After a little break - i'm back blogging! A couple of months after launching my blog, I had a pretty awful time and unfortunately, didn't have the time or mind-space to get writing - however, i'm back with fresh motivation and lots of things to talk about and it's just about time I got this 'Influential Female Film Characters' series done & dusted, don't you think?! So here we go...
If the 1960’s was an Empire, Julie Christie would be the Queen. I’ve already expressed my admiration for sixties cinema in my discussion of Sheilagh Delaney’s ‘A Taste of Honey’. In terms of art, film and fashion; the 1960’s creatively surpassed and challenged everything that had been seen, heard or felt before it. Screenwriting was progressive, honest and assertive and with the advocacy and attitude of the free cinema movement, filmmakers like Jack Clayton, Lindsay Anderson and Tony Richardson confidently produced films which shed commercial appeal and provided some of the most timeless examples of authentic filmmaking.
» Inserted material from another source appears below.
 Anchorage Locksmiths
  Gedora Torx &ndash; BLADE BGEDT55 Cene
At the age of eleven, I had my first encounter with British New Wave. John Schlesinger’s ‘Billy Liar’ (1963) was like nothing I’d seen before. It was dull, mundane and totally captivating – I think perhaps the inclusion of my local dialect, made it quite the novelty but despite the sluggish setting and mature, domestic themes - it had great appeal. Tom Courtenay’s performance as ‘Billy’ validated him as a kitchen-sink superstar but it was his co-star, Julie Christie, embarking on her first role as ‘Liz’ which made the film so personally memorable. As one of the three women that Billy was stringing along, it was refreshing to see a female character who was so stubborn, driven and unafraid. The ‘angry young man’ archetype, had almost met his match.
Tom Courtenay & Julie Christie in John Schlesinger's Billy Liar (1963) - adapted from Keith Waterhouse's 1959 novel of the same title.
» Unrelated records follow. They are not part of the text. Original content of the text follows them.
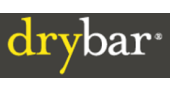 Drybar Promo Code
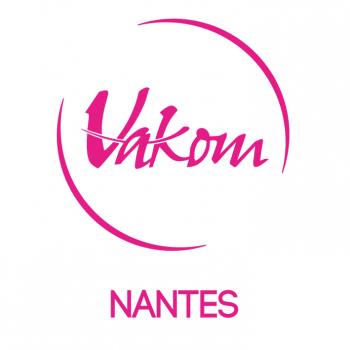 Vakom Nantes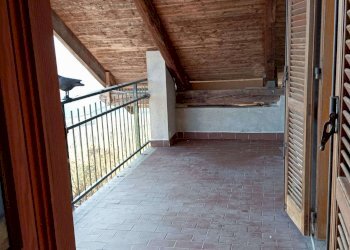 img-20251125-wa0028 - Independent house borgata Prissolo, 24, Sciolze - photo 17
The character of Liz provided a fitting insight into the robust roles, Christie would continue to address and a few years after my introduction to ‘Billy Liar’, I discovered John Schlesinger’s later success, ‘Darling’ (1965). Julie Christie received her first Oscar for the role of Diana Scott – a beautiful socialite, who cavorts her way to the top of London’s socially elite. It wasn’t until a few years after I first watched Darling, that I really learnt to appreciate it. Schlesinger’s screenplay is packed with satire, exposing the unsightly conforms of the rich and successful through the self-indulgent and obsessive, Diana Scott.
On the surface, Scott is superficial and at times, completely shameless. She uses sex as a facilitator in a bid to climb the highest ranks of the swinging hierarchy and pins happiness to false, vacant dreams. Her character is indoctrinated in the lifeless traditions of the affluent and aristocracy - indulging in all the taboos of a Hollywood starlet. So, how can a character with such ugly traits be considered so influential?
Julie Christie as Diana Scott in John Schlesinger's award-winning, Darling (1965)
By 1969, audiences had witnessed the beauty of Audrey Hepburn and the elegance of Grace Kelly. Women in film were sophisticated and intelligent but where they ever authentic? With the introduction of new wave and the refreshing social shift, brought about by the baby boomers, intricate female characters with human qualities stepped to the forefront of mainstream film. These women were embraced as contemporary examples of women who had voice and volume. Diana Scott was beautiful and glamorous but equally selfish and unkind. Her character ruthlessly tackles traditions, recklessly balancing between contentment and unhappiness. Schlesinger leads us to question and critic her integrity.
Above all, Diana Scott is faulty, flawed and faithful to the human qualities in all of us. Her lust, greed, jealousy and narcissism are all a little exaggerated but at least they’re present – and for that, I respect Julie Christie’s representation of Diana Scott to be a real diamond in the rough.